Exactly as they appear, copy the lines from the one holding "вертикальное видео, наро-фоминск, наро-фоминский" through the end of the records, leaving pictures out.

Caption-style text data
%%

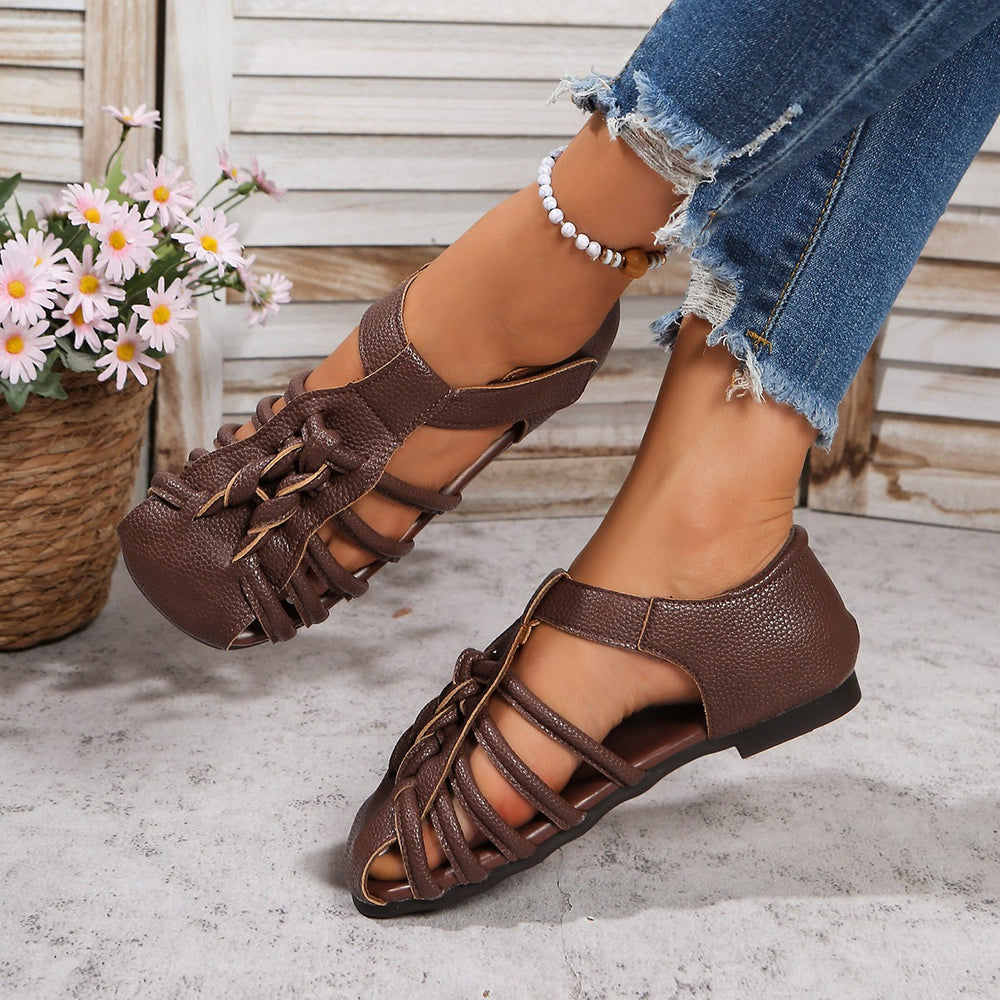 2026 summer new arrivals: woven round-toe breathable hollow-out retro sandals - comfortable, lightweight roman style women's footwear for cross-border e-commerce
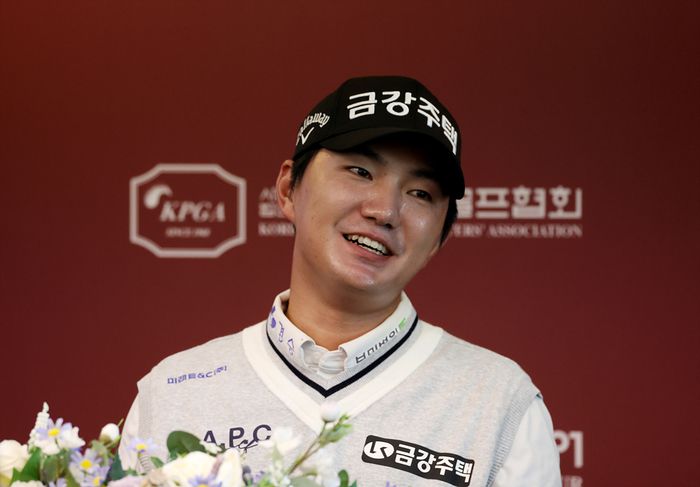 옥태훈이 8일 열린 KPGA 클래식 1라운드를 마친 후 인터뷰를 하고 있다. 사진 | KPGA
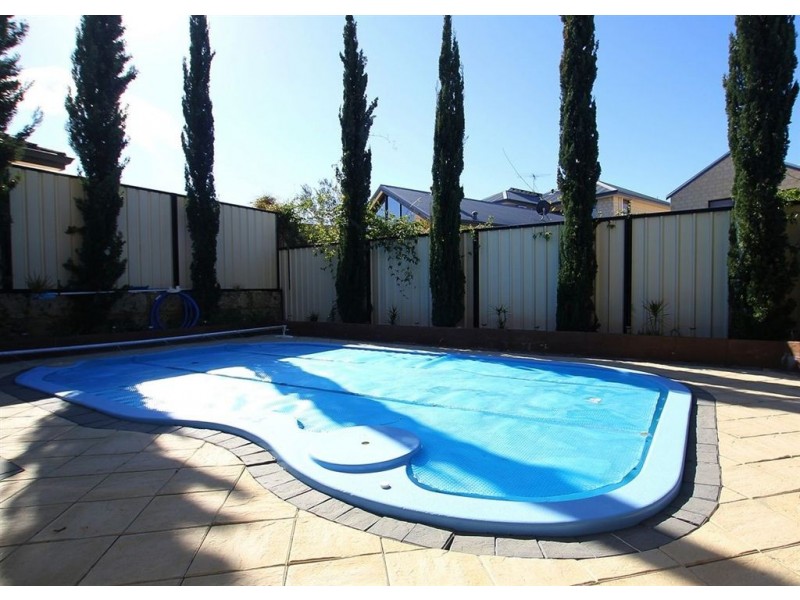 23 The Lakes Boulevard, Jandakot WA 6164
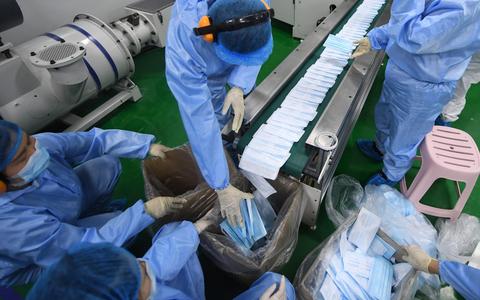 医用口罩惊现苍蝇尸体：初医生品牌陷质量危机，企业承诺彻查并赔偿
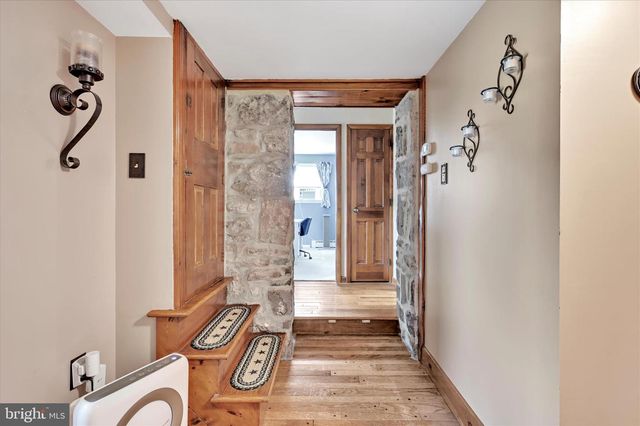 321 GAREY RD, Douglassville, PA 19518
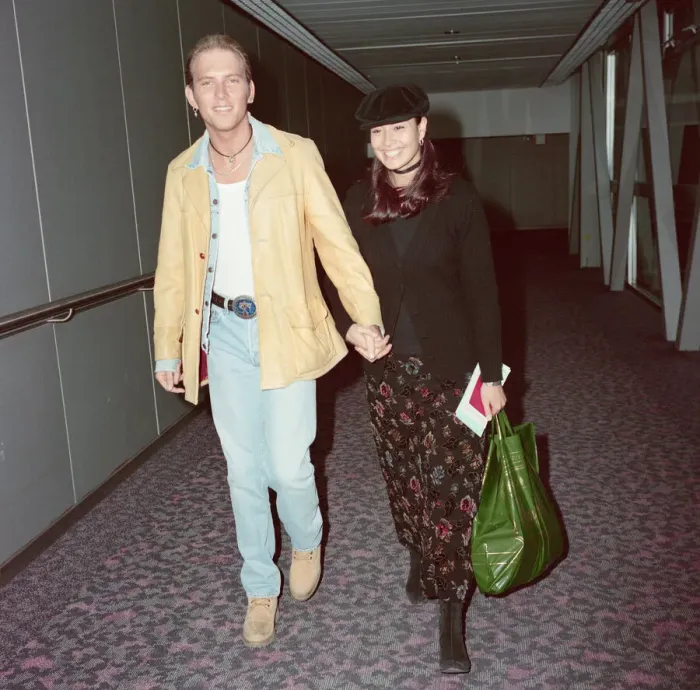 Framed Print : Matt Goss from the pop group Bros, and his girlfriend, model Melanie Sykes arrive Framed Print : Matt Goss from the pop group Bros, and his girlfriend, model Melanie Sykes arrive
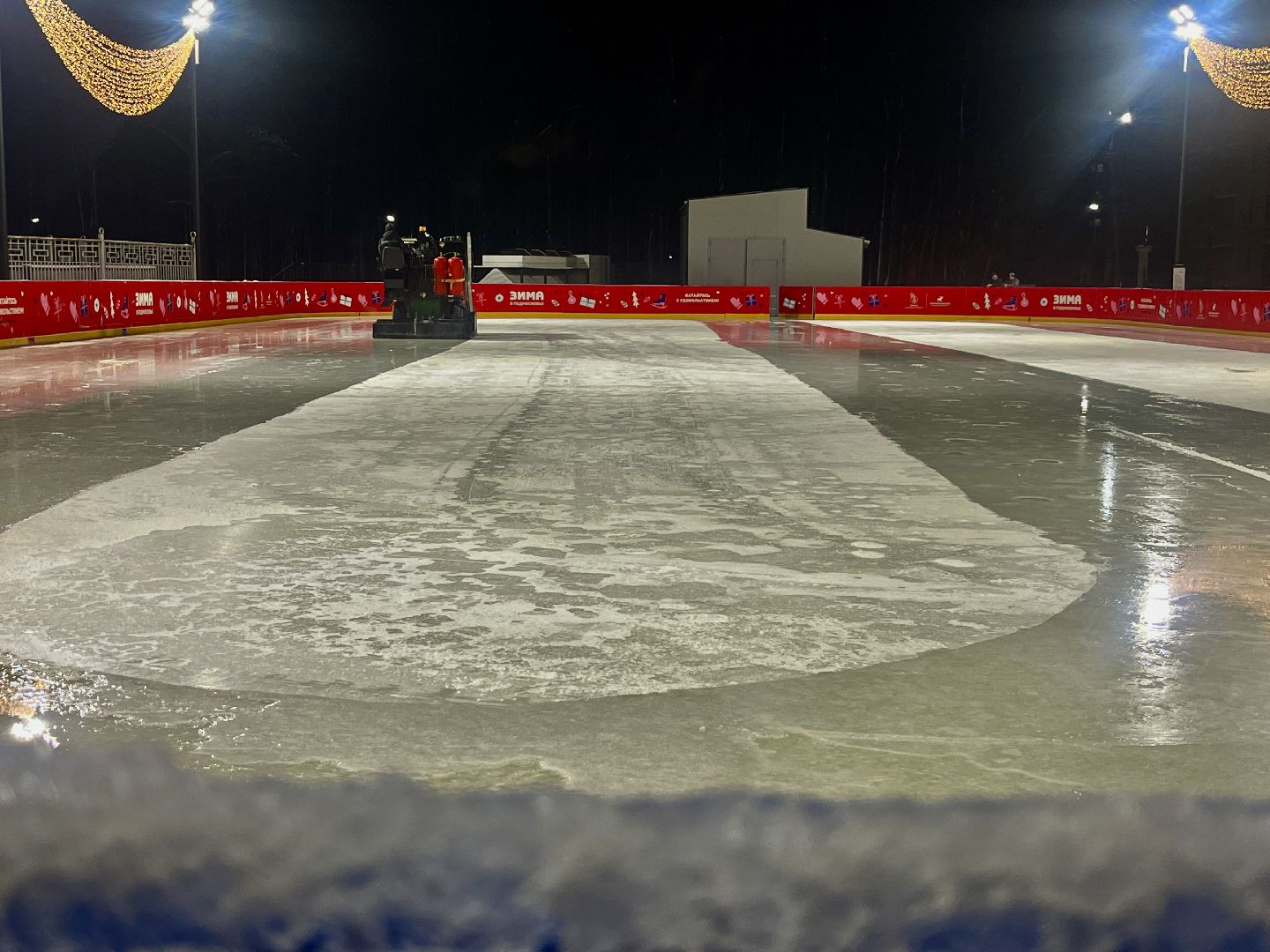 вертикальное видео, наро-фоминск, наро-фоминский городской округ, центральный парк наро-фоминска, каток в парке,«Зима в Подмосковье»,вертикалка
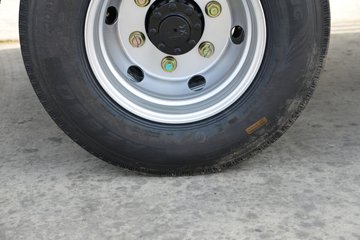 ���� ������D6-M ���ܰ� 142���� 4.2�׵�����ʽ�ῨͼƬ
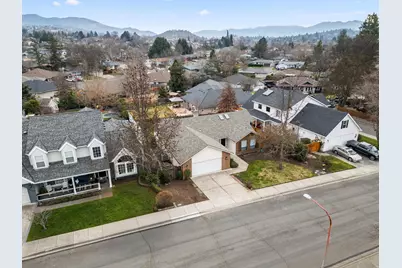 2660 Wilkshire Drive, Medford, OR 97504 - Photo 7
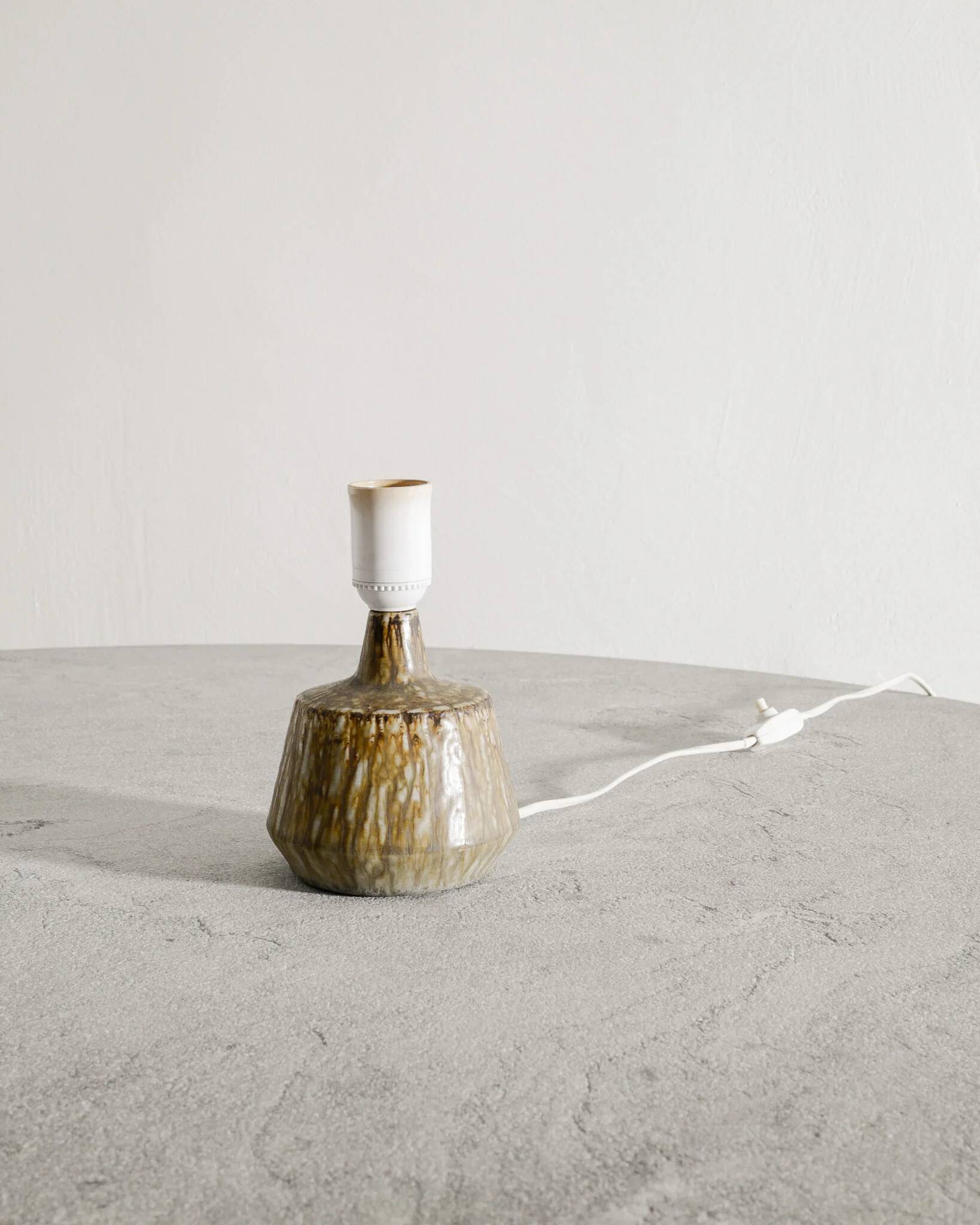 Swedish Mid Century Ceramic Rubus Table Desk Lamp by Gunnar Nylund, 1950s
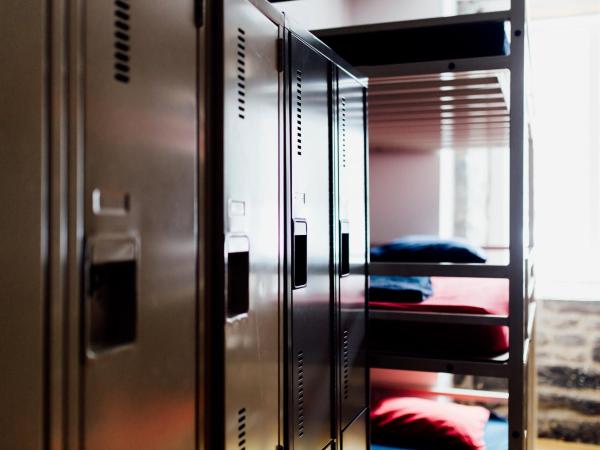 Alt Hostel : photo 7 de la chambre lit dans dortoir mixte de 6 lits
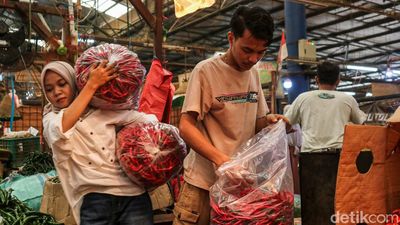 Usai Nataru, Harga Cabai di Pasar Induk Kramat Jati Kembali Normal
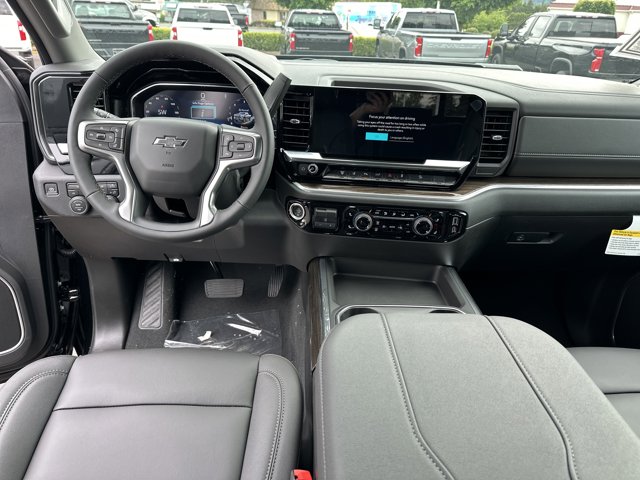 Vehicle image 11 of 25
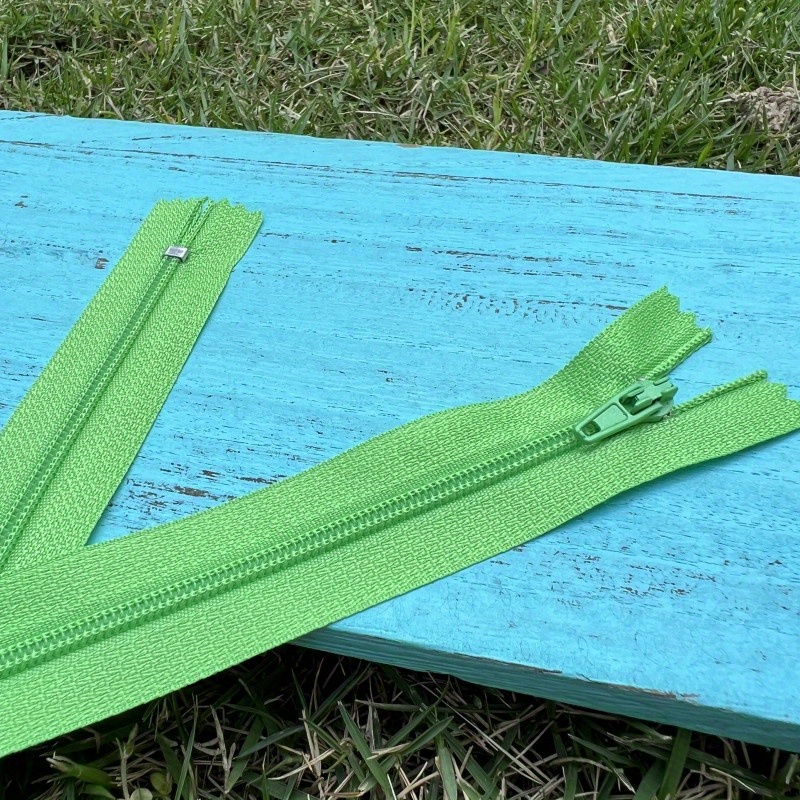 10 inch Green Zipper Invisible Zipper Green Non Separating Zipper Nylon  Green Zipper Crafts 10” Zipper for Sewing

%%

Result of this exercise:
 вертикальное видео, наро-фоминск, наро-фоминский городской округ, центральный парк наро-фоминска, каток в парке,«Зима в Подмосковье»,вертикалка
 ���� ������D6-M ���ܰ� 142���� 4.2�׵�����ʽ�ῨͼƬ
 2660 Wilkshire Drive, Medford, OR 97504 - Photo 7
 Swedish Mid Century Ceramic Rubus Table Desk Lamp by Gunnar Nylund, 1950s
 Alt Hostel : photo 7 de la chambre lit dans dortoir mixte de 6 lits
 Usai Nataru, Harga Cabai di Pasar Induk Kramat Jati Kembali Normal
 Vehicle image 11 of 25
 10 inch Green Zipper Invisible Zipper Green Non Separating Zipper Nylon  Green Zipper Crafts 10” Zipper for Sewing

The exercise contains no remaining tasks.